A Windows Server 2016 Hyper-V cluster will not immediately jump into failing over virtual machines after a timeout. Instead, the host goes into an isolate state and the virtual machine goes into an unmonitored state, where the virtual machine continues to run on the isolated host. If the node resumes responding to heartbeats within four minutes (the configurable default at this time), then the already running virtual machine returns to a healthy state; otherwise it is failed over.
If a host is deemed to be flapping, it is placed into quarantine. This means that no more virtual machines can be placed on the host and all virtual machines are live migrated by default to the remaining healthy hosts. This action minimizes service downtime and allows administrators to take their time investigating the issue.

Shared VHDX

This version 1 feature of Windows Server 2012 R2 enables guest clusters to use a VHDX file for common cluster storage. Unfortunately, Shared VHDX was quite limited, but this changes in Windows Server 2016. TPv2 adds:

  • Host-based backup of guest clusters and shared VHDX files without using an in-guest backup agent.
  • Online-resizing of the shared VHDX file

PowerShell Direct

I might have gone a very long way to have this feature for my demos at Microsoft Ignite. With PowerShell Direct, you can run PowerShell against the guest OS of a machine without network access. All you need are credentials for the guest OS. This will make deployment, configuration, and management much easier.

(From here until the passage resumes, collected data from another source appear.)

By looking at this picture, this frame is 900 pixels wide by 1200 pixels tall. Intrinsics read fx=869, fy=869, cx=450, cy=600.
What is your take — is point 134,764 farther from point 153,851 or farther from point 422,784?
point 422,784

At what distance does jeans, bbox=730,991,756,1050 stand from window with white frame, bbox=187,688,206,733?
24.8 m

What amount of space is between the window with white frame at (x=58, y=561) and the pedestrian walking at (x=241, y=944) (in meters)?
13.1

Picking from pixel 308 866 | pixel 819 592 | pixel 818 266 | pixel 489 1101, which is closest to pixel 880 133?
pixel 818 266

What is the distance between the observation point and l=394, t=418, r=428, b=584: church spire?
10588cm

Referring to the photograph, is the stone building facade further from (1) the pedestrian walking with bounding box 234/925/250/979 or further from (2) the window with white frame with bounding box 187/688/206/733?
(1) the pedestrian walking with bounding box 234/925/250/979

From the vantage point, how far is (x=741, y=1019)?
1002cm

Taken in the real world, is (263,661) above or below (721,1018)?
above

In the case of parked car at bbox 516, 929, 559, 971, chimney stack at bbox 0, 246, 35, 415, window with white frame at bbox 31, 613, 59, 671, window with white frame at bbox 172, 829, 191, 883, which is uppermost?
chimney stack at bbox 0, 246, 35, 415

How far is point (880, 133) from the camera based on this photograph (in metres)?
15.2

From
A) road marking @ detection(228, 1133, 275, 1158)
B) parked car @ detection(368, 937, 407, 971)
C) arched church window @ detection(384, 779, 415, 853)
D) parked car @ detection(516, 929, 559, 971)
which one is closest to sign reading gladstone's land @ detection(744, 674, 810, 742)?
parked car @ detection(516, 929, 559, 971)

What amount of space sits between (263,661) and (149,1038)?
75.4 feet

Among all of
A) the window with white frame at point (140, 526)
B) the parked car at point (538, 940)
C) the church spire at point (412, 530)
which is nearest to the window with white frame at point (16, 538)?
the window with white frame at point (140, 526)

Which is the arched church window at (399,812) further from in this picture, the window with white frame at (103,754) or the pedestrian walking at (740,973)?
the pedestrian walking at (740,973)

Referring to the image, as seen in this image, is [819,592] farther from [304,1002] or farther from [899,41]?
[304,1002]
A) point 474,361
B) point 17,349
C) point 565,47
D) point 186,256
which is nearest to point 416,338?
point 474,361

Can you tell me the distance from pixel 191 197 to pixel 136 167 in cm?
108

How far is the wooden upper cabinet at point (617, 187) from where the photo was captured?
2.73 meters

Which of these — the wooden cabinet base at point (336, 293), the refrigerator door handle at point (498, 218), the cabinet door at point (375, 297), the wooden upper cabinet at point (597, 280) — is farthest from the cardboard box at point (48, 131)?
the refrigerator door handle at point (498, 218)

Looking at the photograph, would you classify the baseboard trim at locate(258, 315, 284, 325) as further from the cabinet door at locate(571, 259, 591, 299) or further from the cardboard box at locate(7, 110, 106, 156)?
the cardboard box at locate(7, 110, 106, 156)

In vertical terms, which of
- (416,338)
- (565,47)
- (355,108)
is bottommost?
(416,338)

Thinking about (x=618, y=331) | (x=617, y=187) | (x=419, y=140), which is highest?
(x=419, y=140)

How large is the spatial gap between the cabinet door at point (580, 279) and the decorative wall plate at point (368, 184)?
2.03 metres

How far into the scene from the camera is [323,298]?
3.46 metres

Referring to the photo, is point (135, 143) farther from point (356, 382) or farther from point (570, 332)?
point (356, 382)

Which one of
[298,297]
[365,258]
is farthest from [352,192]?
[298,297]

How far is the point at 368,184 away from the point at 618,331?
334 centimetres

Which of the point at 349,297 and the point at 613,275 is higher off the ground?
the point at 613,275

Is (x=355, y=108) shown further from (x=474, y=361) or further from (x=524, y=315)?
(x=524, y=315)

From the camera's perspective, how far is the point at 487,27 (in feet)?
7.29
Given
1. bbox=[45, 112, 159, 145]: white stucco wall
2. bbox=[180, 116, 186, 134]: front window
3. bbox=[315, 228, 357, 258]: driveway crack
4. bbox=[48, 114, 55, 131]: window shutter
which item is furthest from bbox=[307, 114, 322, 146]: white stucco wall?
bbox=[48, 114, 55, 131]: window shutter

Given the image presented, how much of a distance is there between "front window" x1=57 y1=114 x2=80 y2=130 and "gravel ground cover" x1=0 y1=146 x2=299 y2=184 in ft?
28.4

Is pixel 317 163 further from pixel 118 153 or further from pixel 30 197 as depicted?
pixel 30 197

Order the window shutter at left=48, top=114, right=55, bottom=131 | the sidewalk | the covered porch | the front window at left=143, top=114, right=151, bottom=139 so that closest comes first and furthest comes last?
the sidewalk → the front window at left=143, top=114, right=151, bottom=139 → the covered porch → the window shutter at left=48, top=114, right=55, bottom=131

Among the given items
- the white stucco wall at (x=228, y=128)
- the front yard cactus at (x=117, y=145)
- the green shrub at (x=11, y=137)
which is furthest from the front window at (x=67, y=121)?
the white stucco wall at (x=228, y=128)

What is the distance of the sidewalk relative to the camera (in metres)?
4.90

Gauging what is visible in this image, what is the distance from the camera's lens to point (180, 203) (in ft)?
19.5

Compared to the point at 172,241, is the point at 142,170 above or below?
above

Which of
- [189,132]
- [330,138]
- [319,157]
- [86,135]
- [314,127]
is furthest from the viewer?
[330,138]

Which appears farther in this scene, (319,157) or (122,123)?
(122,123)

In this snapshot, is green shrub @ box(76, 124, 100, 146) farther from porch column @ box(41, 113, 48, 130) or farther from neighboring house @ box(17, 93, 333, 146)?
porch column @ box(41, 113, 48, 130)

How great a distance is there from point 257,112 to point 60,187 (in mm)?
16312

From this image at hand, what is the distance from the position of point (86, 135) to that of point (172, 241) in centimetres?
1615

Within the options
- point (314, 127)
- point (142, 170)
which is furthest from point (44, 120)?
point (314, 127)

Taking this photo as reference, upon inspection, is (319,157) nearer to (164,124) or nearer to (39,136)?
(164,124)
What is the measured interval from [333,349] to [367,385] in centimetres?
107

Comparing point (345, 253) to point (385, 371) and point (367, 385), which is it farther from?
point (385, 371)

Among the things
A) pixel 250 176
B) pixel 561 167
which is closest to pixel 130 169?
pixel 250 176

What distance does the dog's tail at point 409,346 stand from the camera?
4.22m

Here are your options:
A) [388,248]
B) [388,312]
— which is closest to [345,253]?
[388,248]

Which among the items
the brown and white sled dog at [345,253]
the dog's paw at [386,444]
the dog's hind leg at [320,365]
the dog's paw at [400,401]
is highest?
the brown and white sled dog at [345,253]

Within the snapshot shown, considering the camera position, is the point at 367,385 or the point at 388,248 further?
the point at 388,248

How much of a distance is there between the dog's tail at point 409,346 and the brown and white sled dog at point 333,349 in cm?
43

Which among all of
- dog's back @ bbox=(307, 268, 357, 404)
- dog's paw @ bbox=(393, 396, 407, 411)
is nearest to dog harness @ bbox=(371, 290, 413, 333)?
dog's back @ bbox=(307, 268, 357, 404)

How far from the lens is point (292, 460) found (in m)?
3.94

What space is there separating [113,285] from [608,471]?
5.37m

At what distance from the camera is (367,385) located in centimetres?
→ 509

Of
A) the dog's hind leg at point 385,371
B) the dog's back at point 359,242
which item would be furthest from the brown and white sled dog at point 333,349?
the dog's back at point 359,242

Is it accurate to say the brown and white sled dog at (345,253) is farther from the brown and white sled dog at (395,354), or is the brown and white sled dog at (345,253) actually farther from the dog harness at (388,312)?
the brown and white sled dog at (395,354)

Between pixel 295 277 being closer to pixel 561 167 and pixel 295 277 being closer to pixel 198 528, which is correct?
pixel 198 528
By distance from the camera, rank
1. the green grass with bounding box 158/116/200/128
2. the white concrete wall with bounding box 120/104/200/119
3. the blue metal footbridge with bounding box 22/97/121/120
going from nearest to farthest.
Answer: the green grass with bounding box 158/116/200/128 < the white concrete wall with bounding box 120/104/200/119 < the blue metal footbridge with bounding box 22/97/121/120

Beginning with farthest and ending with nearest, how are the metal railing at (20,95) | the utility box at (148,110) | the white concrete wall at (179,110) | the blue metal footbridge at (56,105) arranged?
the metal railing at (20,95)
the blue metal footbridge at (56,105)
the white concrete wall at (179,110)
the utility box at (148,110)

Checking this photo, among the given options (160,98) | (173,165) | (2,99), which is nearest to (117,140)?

ReFS Accelerated VHDX Operations

Some disk operations are resource expensive. Creating a fixed VHDX file, the preference for many of us, can take quite some time to complete. Merging checkpoints, which are required for file-based backup, can create a lot of IOPS and limit the scalability of backup. If you are lucky, you have a SAN that supports Offline Data Transfer (ODX). But few people are in that position.
ReFS is Microsoft’s file system of the future and is used in Stoarge Spaces Direct (S2D) storage architecture, which is also new in Windows Server 2016. ReFS will accelerate the creation of fixed VHDX files and enables a zero data copy merge of checkpoints, thus improving the performance of service deployment and file-based backup.

Second-Level Address Translation (SLAT) Requirement

All versions of Hyper-V, Windows 10, and Windows Server 2016 will require SLAT-capable processors in the host. Intel calls this Extended Page Tables (EPT) and AMD calls it Rapid Virtualization Indexing (RVI).